Çoğu zaman varlık büyük büyük cümlelerle şeylerdeki gerçekliği ya da güçlü oluşu sönükleştirir. Büyük ihtimalle bir şeyin büyüklüğünü ya da önemlilik ifadesini belirtmek için artık söze ihtiyacımızın olmayacağı zaman gelmeyecek. Bu yüzden sözün sahibi yıkıma uğrayacak ya da şeyler yok olacak ama söz yok olmayacak. Sözün özü (hâlâ öz varsa eğer) The Delinquents’deki sinematik düzlem ve anlatı-ifade için övgü dolu imleyişlerimiz olacak. Her şeyden önce türünü (janr/genre) sıkça oyunbaz anlatısıyla bozan bir yaratı vardır karşımızda. Açılıştaki pozla alımlayıcısını suç anlatısına konumlar. Açının dinamiği (sıkça kaydırmalı açıyla) ile komedi-ifadesini zamansal olandan uzakta tam olarak yaratının ortasına yerleştirir. Özgür oluş için yapılanın içinden, paranın aşıldığını düşündüğümüz yerden varlık(lar) aşkın sıcak alanına geçer. Tür sinematik yerini romantik ifadeye bırakır. İfadenin gerçekliği oyun diliyle dramaya dahil olur. Tüm bunlar uzun uzun sinematikte gözüken bir yaratı için zor değildir. Bir dünyayı yaratmak isteyen varlıklar şeylerin içinde hem durgun ifadelerle hem hâllerinden memnun (ekrana, perdeye yansıyanın gerçekliğiyle) şekilde gözükür. Bence Moreno’nun başardığı şey tam burada gizlidir. Uzunca konuşmak istemek günün izleyicisini sıkabilir ancak çok katmanlı ve şeylerdeki aynılığı bilen bir yaratı her yerde at koşturabilir. Geniş bir alan vardır önünde ve ifadesini insandan [7] uzaklaştırmaz. Morán’ın Román’ı gönderdiği kadın olan Norma, hem sesleri (anagram) hem de karakterlerin hikâyesini birleştirir. Alımlayıcının bunlara konumlanışı da yaratının dili ve düzlemi kadar sıradanlıkla olur. Ritim aynılıktaki pozun netliğini görür, bir şekilde varlıklar aşkta, yaşananda ve yıkılmış olmakta [8] birleşir. Yaratı yaşamın içinden çıkmaz çünkü ondan başkasını konuşmaz. Belki de dünyanın kendisi tanımlanandan, hapishaneden ve diğer hapishaneden (banka) fazlası değildir. Bunlara rağmen bir şekilde yaşanır. Herhangi bir yaşam. [9]

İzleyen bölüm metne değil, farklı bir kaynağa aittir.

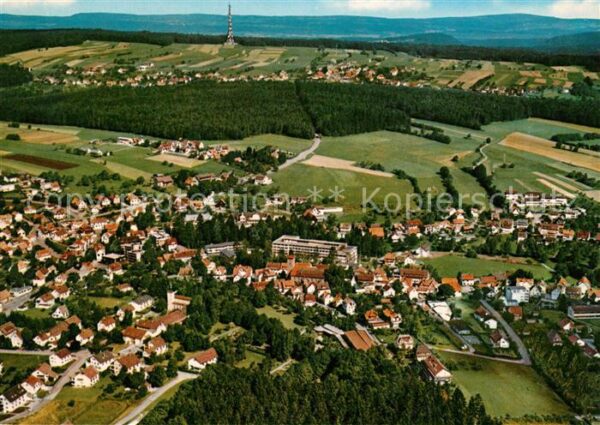 Schoemberg Schwarzwald Fliegeraufnahme Langenbrand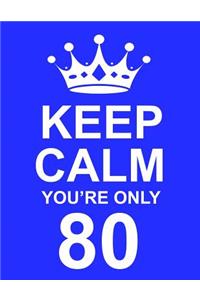 Keep Calm You're Only 80
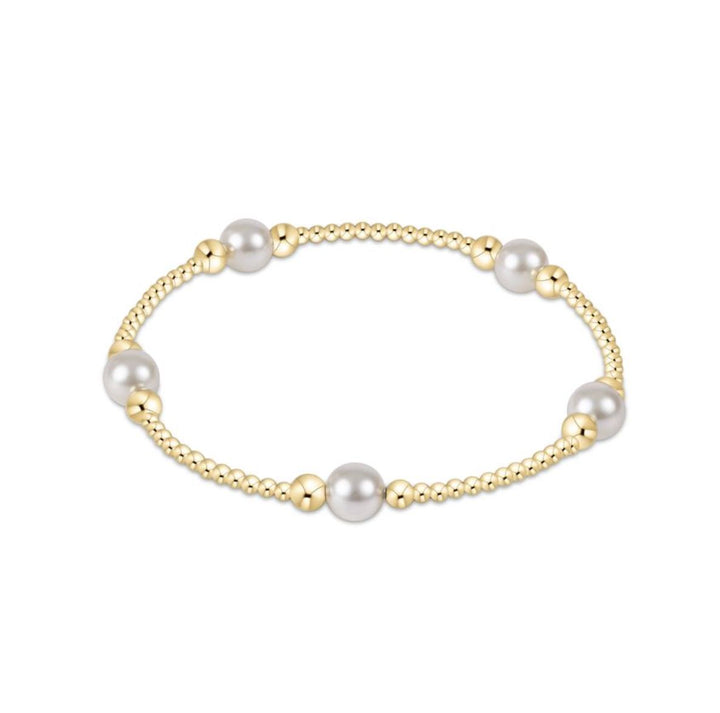 Classic Purpose Pearl Pattern Bead Bracelets Womens Bracelet ENewton 6mm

ÖNEMLİ: Kabahatliler‘i (Los delincuentes/The Delinquents), MUBI’den izleyebilirsiniz.

SON NOTLAR

[1] The Delinquents’i izleyen alımlayıcının bu aynılık parantezinde düşünmesini isterim. Aki Kaurismäki sinematiğindeki sıradan oluşun netliğiyle açıklayabilirim bunu. Varlıklar yaşamın ivmesini ve bağlamını bilir. Şeylerdeki traji(k)omik alan bilinir ve yaşanır. Sorular sorulur ve yaşanır. Bir süreliğine kişi durur ama yine yaşanır vs.

[2] Bu planı önemsiyorum. Hem Morán’ın motivasyonunu (yaşamdaki yerini güçlü bir şekilde gösteren) hem de Román’ın yaşamındaki ilk kıvılcımı göstermesiyle dikkat çeker. Dinamiğin başlangıcıdır.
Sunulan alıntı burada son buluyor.